晴耕雨読

昨日の午後は雨が降りしきる中、山口情報芸術センター内にある市立図書館へ本を借り換えに行く。すると、この春に早期退職したばかりの友人とバッタリと出会い、「おおー、これぞ本物の晴耕雨読」と、リアルにことわざが成立したことに感激する。それにしてもベタなシチュエーション。神様の悪戯なのか、粋な計らいなのかと考えてしまった。

その後、図書館を出てからすぐにある館内の中庭に気まぐれで目をやれば、しとしとと降り続く雨が床を潤わして、ライトの光に照らされてピカピカと美し輝いていた。「なんてカッコいい!」。さすが有名な建築家が設計しただけに、洗練されたスタイリッシュな空間だ。この非日常的な空気に包まれれば、都市の旅気分のエッセンスが楽しめる。

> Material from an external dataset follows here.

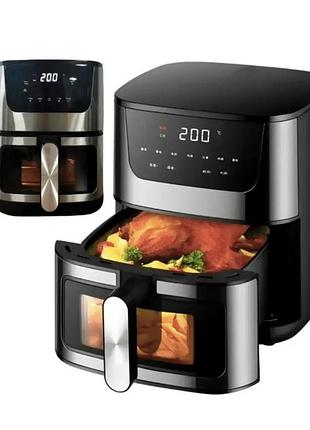 Мультипіч-аерофритюрниця rainberg rb-2268 із сенсорним керуванням аерогриль для хрусткої та дієтичної їжі фрітюрниця без олії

そう言えば、10年前に坂本龍一氏がディレクターとして企画した展覧会があった。アーティストの高谷史郎氏と共同で、自然と人間社会の境界で長い時間をかけて発展してきた『庭』という文化の形式に、多くのインスピレーションを受けて制作されたものだった。やっぱり『庭』は日本人にとって欠かせられないもの。ぼんやりと見ていても、気が付けば何か浮かぶ、パワースポットなのだろう。